Nicholson est petit, apoplectique. D'énormes favoris noirs encadrent sa figure carrée et massive, comme la figure d'un financier d'Hogarth. Ses traits sont pleins et ronds; il a le teint frais; il a de petits yeux qu'il rapetisse encore en clignant et en plissant la paupière; et ce manége leur donne une indicible chafouinerie. Rominagrobis faisant le mort devait avoir cet œil demi-fermé, narquois et guetteur. Il a la grande perruque poudrée de chef baron à grands anneaux, tirant sur le front une ligne droite comme faite à la règle, et trouée au sommet par un petit trou qui laisse échapper la chaleur de la tête. Il a le rabat blanc, les manchettes et la grande robe noire. Nicholson ne rit jamais; il parle lentement; il a dans toute la physionomie comme une bonhomie bridoisonne, et comme une sournoiserie de vieux juge. Souvent, il fait avancer sa lèvre inférieure sur sa lèvre supérieure en homme de mauvaise humeur qui boude un mauvais argument. Il joue de façon exquise et de bonne comédie le perpétuel demi-sommeil d'un tribunal.

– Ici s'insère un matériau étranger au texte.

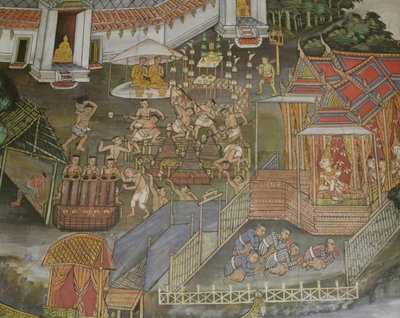 Détail de la ville de Phitsanulok, Wat Bowonniwet Vihara, Bangkok - Thai School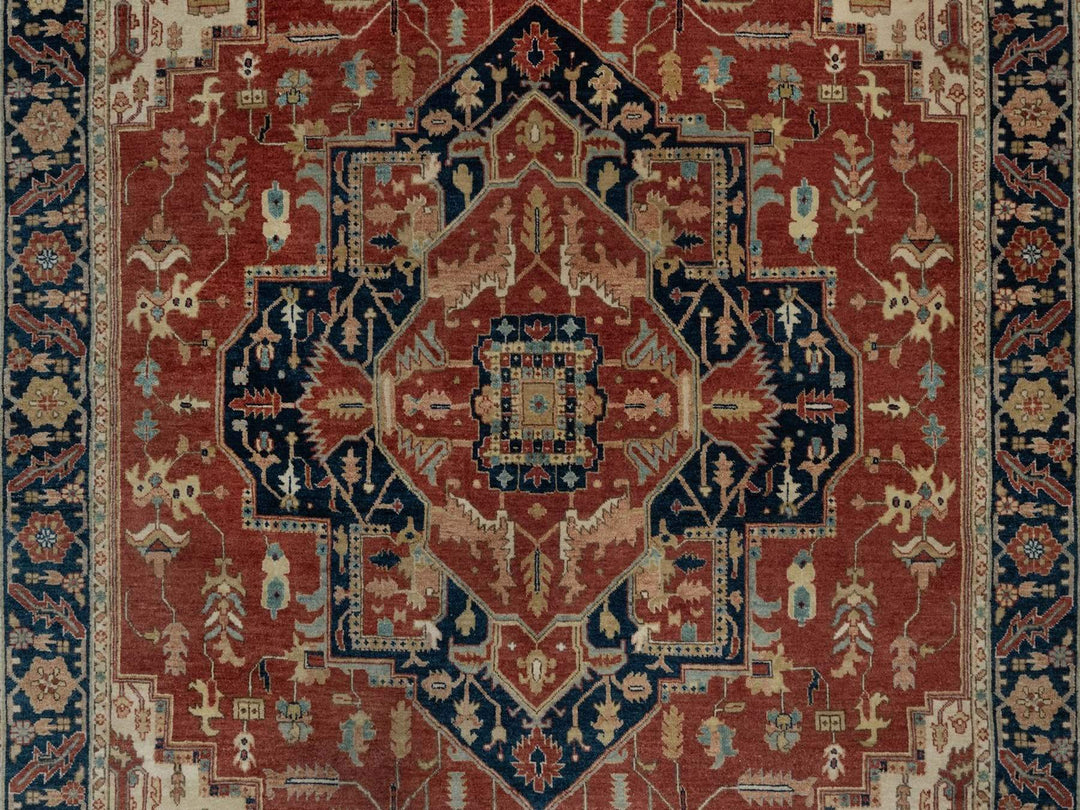 6'3" x 9'1" New Hand Knotted Red Wool Rectangle Oriental Rug - MOA10291514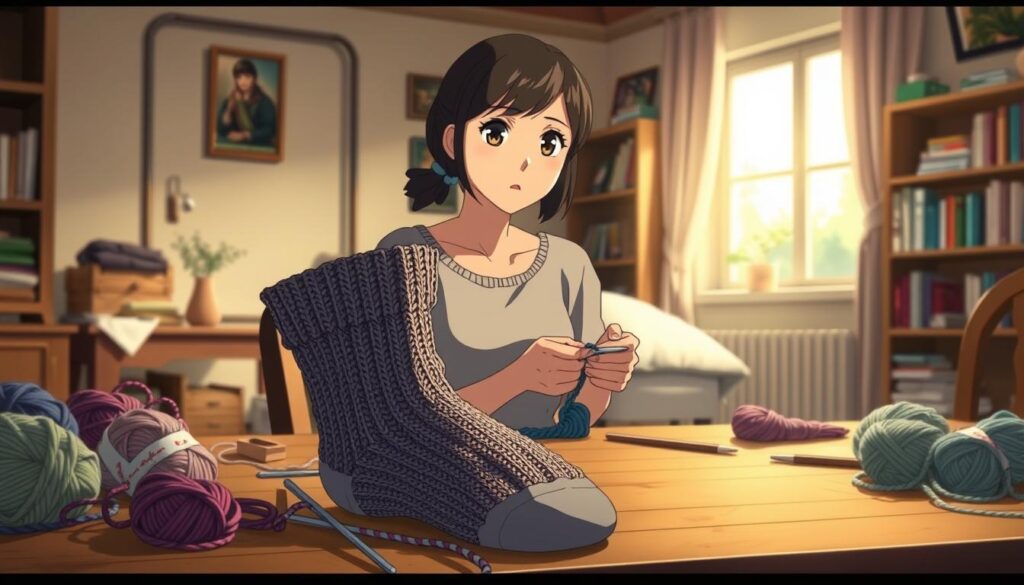 A cozy indoor scene featuring a woman in modest casual clothing, looking thoughtfully at a pair of unfinished knitting socks. In the foreground, she sits at a wooden table surrounded by various knitting supplies, including colorful yarns and a pair of needles. The middle ground showcases a close-up of the socks, imperfectly knitted, with dropped stitches and uneven tension, symbolizing the concept of when hand-knit socks might not be the best choice. In the background, a warm, softly lit room with a bookshelf and a window allowing natural light to filter in, enhancing a contemplative atmosphere. The overall mood is one of reflection and practicality, with a focus on the challenges of knitting socks. A cozy indoor scene featuring a woman in modest casual clothing, looking thoughtfully at a pair of unfinished knitting socks. In the foreground, she sits at a wooden table surrounded by various knitting supplies, including colorful yarns and a pair of needles. The middle ground showcases a close-up of the socks, imperfectly knitted, with dropped stitches and uneven tension, symbolizing the concept of when hand-knit socks might not be the best choice. In the background, a warm, softly lit room with a bookshelf and a window allowing natural light to filter in, enhancing a contemplative atmosphere. The overall mood is one of reflection and practicality, with a focus on the challenges of knitting socks.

Nicholson se complaît aux causes d'adultère; il a fait son domaine des infortunes conjugales: tout le scandaleux judiciaire est bien venu de lui. En ces causes, les grasses façons de dire ont leurs coudées franches; les équivoques, les allusions, les demi-gros mots ont beau jeu dans ces libres plaisanteries, dont l'histoire du marron de Sterne est comme le type. C'est en plein croustillant que Nicholson excelle à faire les mille et une confusions de «l'Avocat patelin», à jeter au beau milieu d'une plaidoirie une interrogation cynique, à déchirer d'une phrase les gazes de pudeur de la défense; et pour peu que les tribunaux anglais aient évoqué quelque belle «conversation criminelle», aussitôt la parodie est prête, juge, avocat, greffier se donnant la main. Les causes s'improvisent, à peu près comme ces drôleries de la comédie italienne où les acteurs, avant d'entrer en scène, lisaient sur une pancarte accrochée dans les coulisses le canevas de leurs lazzis. Et cela dure tout autant qu'une petite pièce de nos boulevards: une vingtaine de jours, un mois. Nous avons vu toute une soirée débattre la vraisemblance d'un adultère en cab, avec des: Comment? que vous ne pourriez imaginer. – L'Anglais, qui aime à boire, va se coucher sur un verre de grog, et sur un résumé du chef baron de la plus impartiale salauderie.
Quelquefois la cour de justice du Trou à charbon évoque une cause politique réelle ou fictive; alors elle se met à être comme la face grotesque des haines anglaises. Tout Londres se rappelle le succès récent qu'obtint Nicholson avec son fameux procès: «Haynau et les ouvriers de la brasserie Barclay-Perkins.»